En 1939, toute la ville de
Strasbourg fut évacuée... Mme A.T. se trouvait
alors à la frontière du port du Rhin. Tous les
habitants devaient partir avec trente kilos de bagages et se
rassembler à Bischheim. A ce moment, elle se
présenta comme bénévole à la
Croix Rouge pour transférer les gens dans des trains.
Elle et sa famille partirent en Dordogne... Le voyage en
train dura un mois, car il passait par Paris et d'autres
villes. Les adultes occupaient des wagons normaux et les
enfants des wagons à bestiaux. Bien que conscients de
la situation, les enfants parvenaient à jouer... Pour
assurer leur survie, l'Etat reversait tous les mois à
chaque évacué (enfant ou adulte) la somme de
dix francs.
En 1940, Aline prit la
décision de revenir avec sa famille à
Strasbourg. Un monsieur Juif l'avait prévenue que les
Allemands occupaient la ville. Elle lui répondit que,
s'il le pouvait, lui aussi y retournerait, mais elle eut
peur de l'avoir vexé et regrette encore aujourd'hui
ce qu'elle lui a dit.
Au même moment, les
troupes françaises se retiraient devant les
Allemands... Entretemps, Aline avait retrouvé son
frère dans une ferme de Dordogne où on le
soignait. Elle lui demanda ce qu'il faisait là, au
lieu de rester à Paris... Grâce à une
chance inouïe, celui-ci put rejoindre Strasbourg avec
sa famille. En cours de route, ils croisèrent les
trains qui allaient vers les camps de
concentration.
De retour en Alsace, la vie
reprit son cours : chacun se remit à travailler.
Petit à petit, la ville se repeuplait. Pendant quatre
ans, ils furent occupés par les Allemands : ils
étaient obligés de travailler avec eux. Aline
dut apprendre la sténographie allemande et travailla
dans des usines ou des magasins de confection
allemands.
En ce qui concerne son mari,
elle le rencontra à une fête, "la matinée dansante". Sa mère étant morte, les Allemands
l'enterrèrent au bord de la voie ferrée et
elle quitta la maison. Sa future belle-mère lui
proposa de s'installer chez elle...
Son futur beau-père se
remaria et sa seconde femme le rejoignit dans la même
maison. Comme il ne supportait plus sa belle-mère, le
compagnon d'Aline lui annonça qu'ils allaient se
marier, alors qu'ils vivaient ensemble depuis seulement un
an. Il espérait ne pas être
enrôlé...
En février 1943, alors
qu'elle venait de mettre au monde un enfant, on chercha son
mari : il était enrôlé de force du
côté allemand. Avant de partir, il dit à
sa femme : "Ne t'en fais pas, je
reviendrai". Cette phrase aida
Aline à tenir bon jusqu'à la fin de la guerre.

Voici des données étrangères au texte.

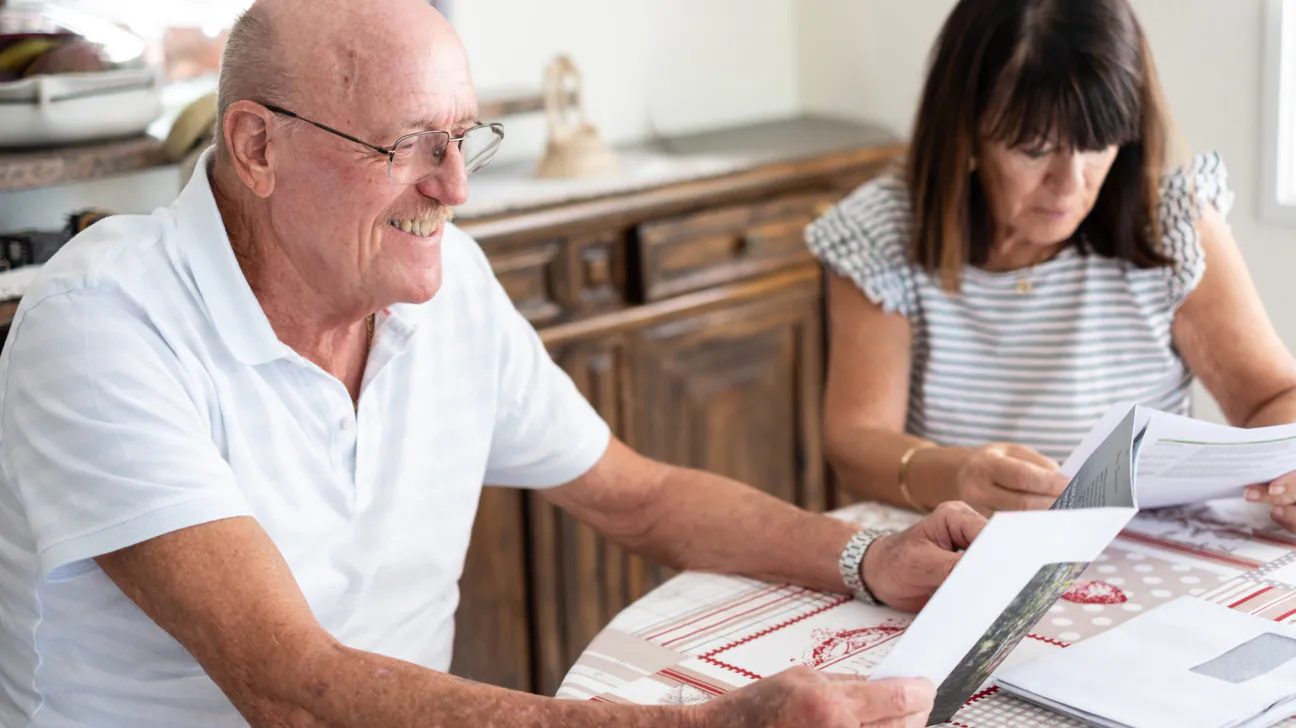 Senior couple reviewing documents together at home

Pour pouvoir se nourrir, ainsi
que son enfant, elle confectionnait des tailleurs pour les
femmes de son quartier avec les costumes de soldats de leurs
époux et les échangeait contre de la
nourriture. Petit à petit, les femmes se promenaient
avec ces vêtements dans les rues.
En 45, elle entendit frapper
à la porte. Elle alla ouvrir en pensant que son
père lui rendait visite... et se retrouva face
à son mari. Elle n'en croyait pas ses yeux,
étant donné qu'elle avait reçu une
lettre l'informant qu'il était porté disparu.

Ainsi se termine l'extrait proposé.